For the nearest stars, we can use parallax -- the apparent movement of the star as the Earth revolves around the Sun. Refinements in this technique have resulted in our ability to measure a parallax shift of 10 microarcseconds -- one ten-millionth of 1/3600th of the apparent circumference of the sky. This translates to being able to measure distances of up to 10,000 light years this way.
But for astronomical objects that are farther away, parallax doesn't work, so you have to rely on something that tells you the star's intrinsic brightness; then you can use that information to figure out how far away it is. There are two very common ones used:
- Cepheid variables. Cepheids are a class of variable stars -- ones that oscillate in luminosity -- that have an interesting property. The rate at which their brightness oscillates is directly proportional to its actual luminosity. So once you know how fast it's oscillating, you can calculate how bright it actually is, and from that determine how far away it is.

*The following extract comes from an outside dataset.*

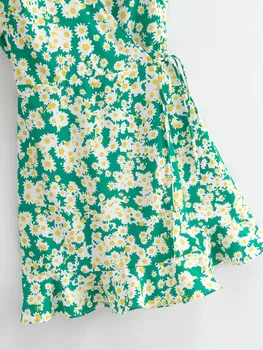 Ny 2020-Kvinder sød V-hals, lidt solsikke print mini Kjole kvindelige Ærmeløs grønne linning wrap Smart casual Kjoler DS3765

- Type 1a supernovae. These colossal stellar explosions always result in the same peak luminosity. So when one occurs in a distant galaxy, astronomers can chart its apparent brightness peak -- and from that, determine how far away the entire galaxy is.

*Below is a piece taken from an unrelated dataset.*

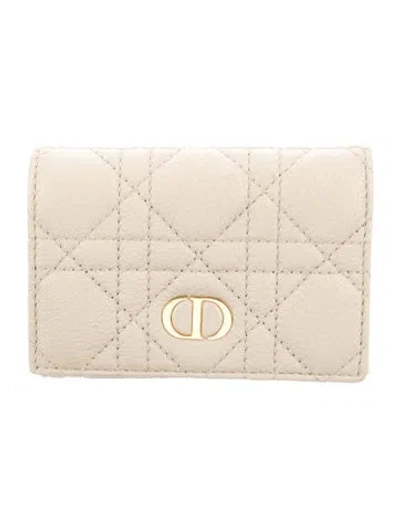 Pre-owned Dior 2023 Caro Glycine Compact Wallet In Neutral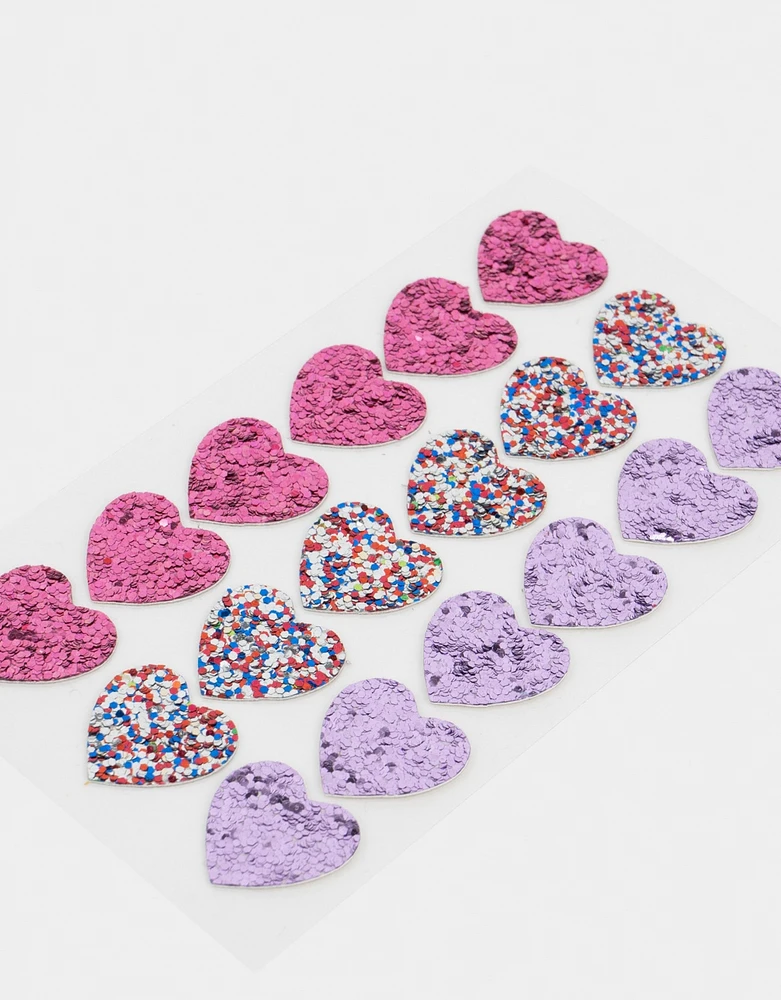 Stickers de corazones con glitter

A Cepheid variable [Image is in the Public Domain, courtesy of the Hubble Space Telescope]
And here's where the trouble lies. Previous measurements of the rate of expansion of space, made using information such as the three-degree microwave background radiation, have consistently given the same value for the Hubble constant and the same age of the universe -- 13.7 billion years. Riess's measurement of standard candles in distant galaxies is also giving a consistent answer... but a different one, on the order of 12.8 billion years.

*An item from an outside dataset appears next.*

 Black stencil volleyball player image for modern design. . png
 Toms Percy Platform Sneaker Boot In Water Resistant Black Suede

"It’s looking more and more like we’re going to need something new to explain this," Riess said.
John Cromwell Mather, winner of the 2006 Nobel Prize in Physics, was even more blunt. "There are only two options," Mather said. "1. We’re making mistakes we can’t find yet. 2. Nature has something we can’t find yet."
"You need to add something into the universe that we don’t know about,” said Chris Burns, an astrophysicist at the Carnegie Institution for Science. "That always makes you kind of uneasy."
"You need to add something into the universe that we don’t know about,” said Chris Burns, an astrophysicist at the Carnegie Institution for Science. "That always makes you kind of uneasy."
To say the least. Throw this in with dark matter and dark energy, and you've got a significant piece of the universe that physicists have not yet explained. It's understandable that it makes them uneasy, since finding the explanation might well mean that a sizable chunk of our previous understanding was misleading, incomplete, or simply wrong.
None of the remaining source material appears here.